[Assignment]
Transcribe the entries below exactly from their first line through the line containing "Silhouettes floues de jeunes joueurs", and let no picture into the copy.

[Input records]
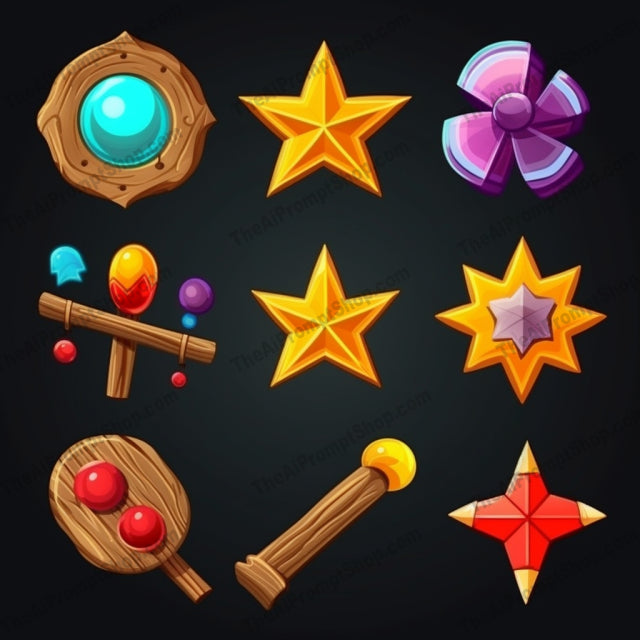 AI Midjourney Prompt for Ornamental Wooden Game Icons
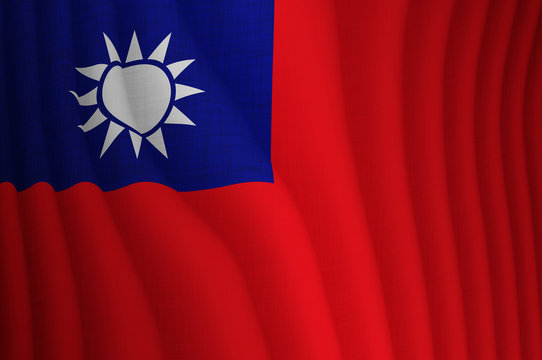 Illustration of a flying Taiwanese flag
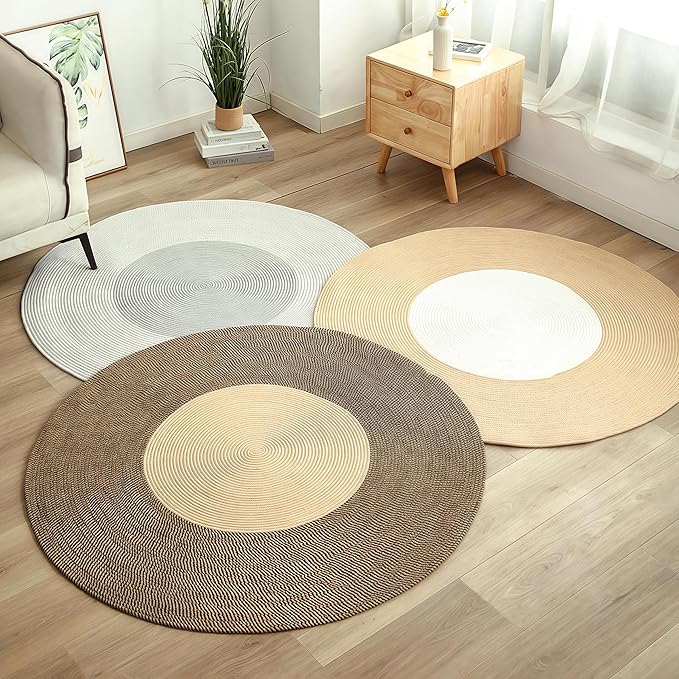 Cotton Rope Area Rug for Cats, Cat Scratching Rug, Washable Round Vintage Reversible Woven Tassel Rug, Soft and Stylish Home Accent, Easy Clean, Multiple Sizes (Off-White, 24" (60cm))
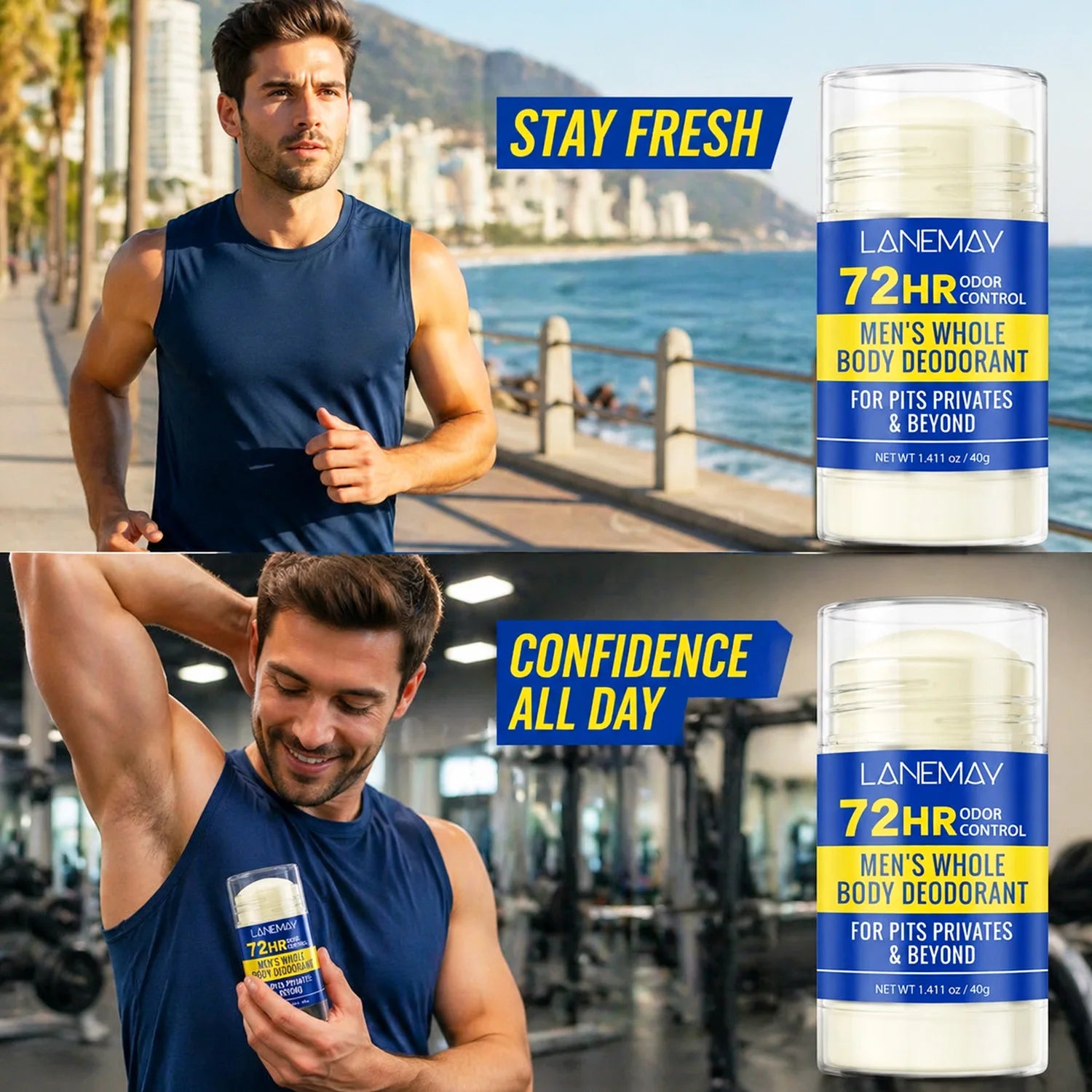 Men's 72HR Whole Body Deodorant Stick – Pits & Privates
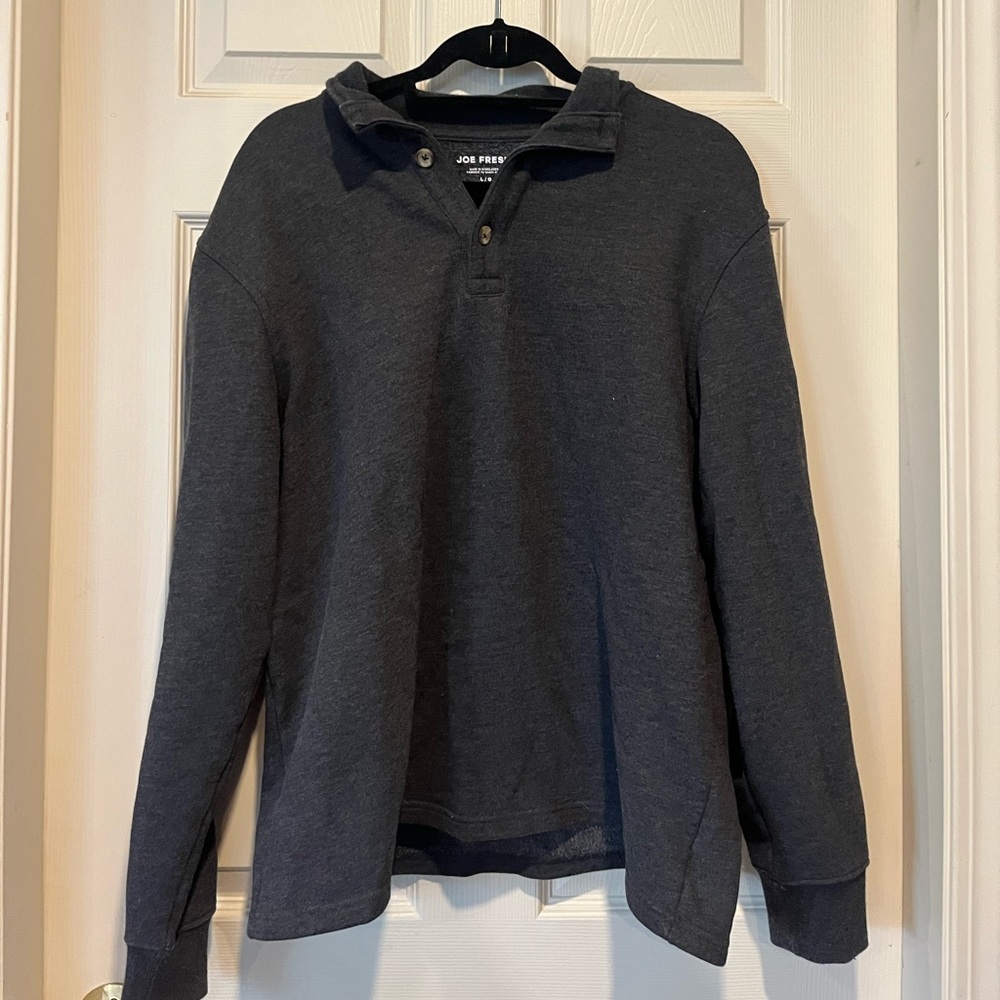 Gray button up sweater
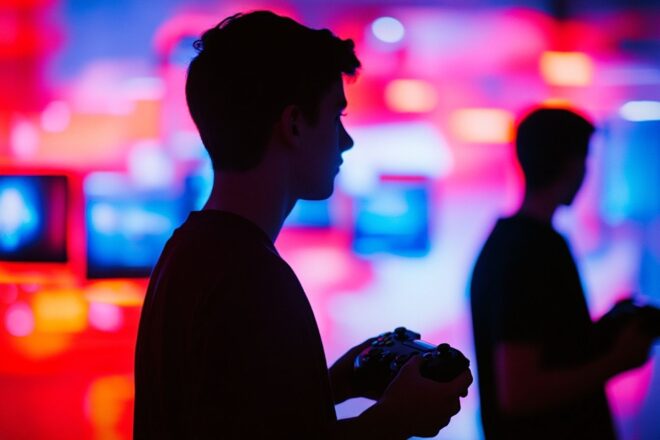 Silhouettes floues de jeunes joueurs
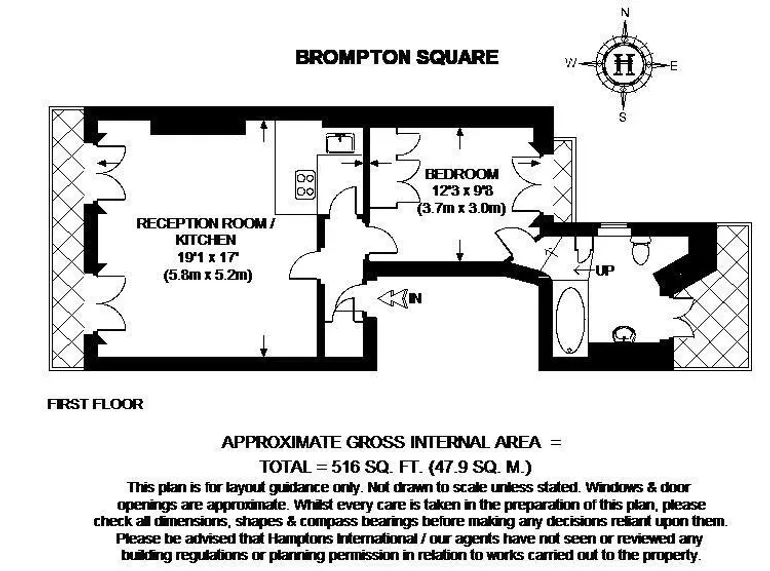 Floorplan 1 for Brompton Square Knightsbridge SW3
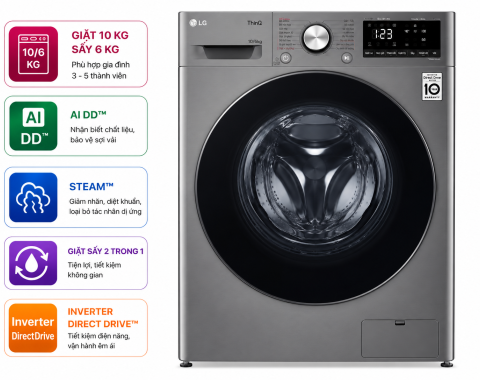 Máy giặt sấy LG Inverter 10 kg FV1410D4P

[Written solution]
 AI Midjourney Prompt for Ornamental Wooden Game Icons
 Illustration of a flying Taiwanese flag
 Cotton Rope Area Rug for Cats, Cat Scratching Rug, Washable Round Vintage Reversible Woven Tassel Rug, Soft and Stylish Home Accent, Easy Clean, Multiple Sizes (Off-White, 24" (60cm))
 Men's 72HR Whole Body Deodorant Stick – Pits & Privates
 Gray button up sweater
 Silhouettes floues de jeunes joueurs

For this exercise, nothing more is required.